Opponents of the graduate student union have alleged unethical conduct.
University of Minnesota graduate students sign in to cast their ballot. There is currently contention about whether graduate students want a student union.
University of Minnesota graduate students sign in to cast their ballot. There is currently contention about whether graduate students want a student union.

Monday saw heated tempers between graduate student employees as the first day of voting to form a union kicked off.

About 840 graduate workers voted in the election Monday, according to Jan Johnson, labor mediation manager for the Minnesota Bureau of Mediation Services.

While some graduate students were excited to voice their opinion about unionization, opponents of the Graduate Student Workers United/United Auto Workers said organizers made allegedly unethical decisions, including defacing their sidewalk chalk near Coffman Union on Sunday night.

Andrew Wagner said he caught GSWU/UAW organizers “red-handed” as they altered the chalk messages he had left on the ground. Where he wrote “Vote,” they added “no to democracy.” Other messages were changed from “Vote no” to “Vote now.” He said the people who altered the messages apologized after they were discovered — a picture on the group’s Facebook page claimed to show a GSWU/UAW organizer changing the chalk message.

Scott Thaller, a GSWU/UAW spokesman and graduate student at the University of Minnesota, said the alterations were not an officially-sanctioned activity of the group. The person who did it was an organizer, but he said she made a “silly choice” and apologized for it.

But Wagner said that wasn’t an isolated incident.

In an incident prior to this week’s voting, while organizers were collecting signatures to file for a union election, Josh Halverson said he was interrupted mid-lecture during a lab. He said organizers would get in his way when he tried to continue teaching, refusing to sign.

“They wouldn’t let me do what I needed to do,” Halverson said.

In both October and December 2011, the University sent a letter to GSWU/UAW alleging that the organizers harassed other graduate student assistants to sign the cards. It asked that they cease soliciting “in University workplaces during work time.”

Thaller said there was no intent to harass other graduate students. Organizers don’t want employees to have a negative experience with the organization.
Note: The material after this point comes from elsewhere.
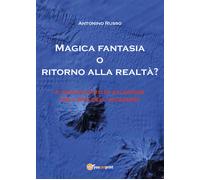 Magica fantasia o ritorno alla realtà? - Antonino Russo, 2017, Youcanprint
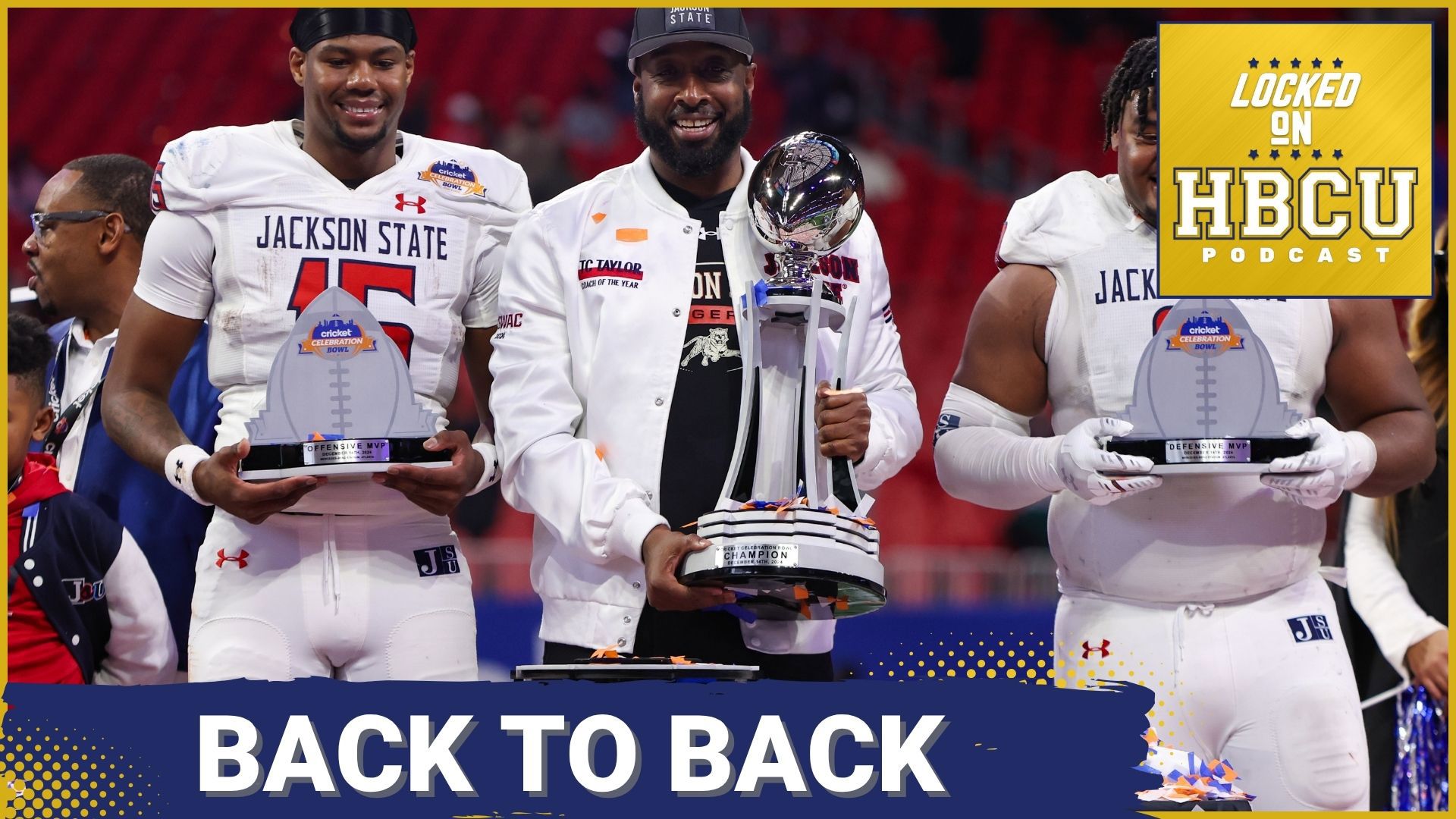 "Why Not Go Back to Back?" The simple question is a great motto for JSU's search for more gold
“It’s not an efficient use of time to go around bothering people who don’t want to talk about it,” he said.

Both Wagner and Halverson are members of Graduate Students Against GSWU, which formed about two months ago in response to allegations of unethical behavior on the part of GSWU/UAW organizers. Many of its members oppose the union for different reasons.

Almost 100 graduate student employees, many of whom are in a science, engineering or the economics department at the University, have signed a letter on the organization’s website declaring opposition to the formation of a union.

Some, like Wagner, believe the UAW cannot effectively represent them because of alleged pervasive unethical behavior by its organizers to suppress opposition.

Rajan Vatassery, a chemistry graduate student, said many graduate student employees think they already have a good deal by being able to earn a doctorate without incurring debt and deferring payments for previous loans.

Wagner said while the intentions of a union are noble, the execution of those issues is in doubt. The UAW is a very liberal organization, he said, and with the polarized political climate, he’s unsure that it could achieve its goals.

Others believe a union under UAW could benefit them.

Jolene Johnson said she experienced health issues in the past. Although she improved, she said if she had continued to be in poor health, she would have wished for a negotiated policy for sick students.

Although she found out she was ineligible to vote Monday afternoon because she’s currently a doctoral dissertation fellow, she said she would probably be a research assistant again this summer and wanted to vote ‘yes’ to a union.

Kate Petersen, an English graduate student employee, is one of the 4,400 graduate students who are eligible. Petersen voted in support of a union, saying she and her coworkers should have a voice in the changing University workplace amid budget constraints.

“I think it’s really important for graduate students to have a place at the table.”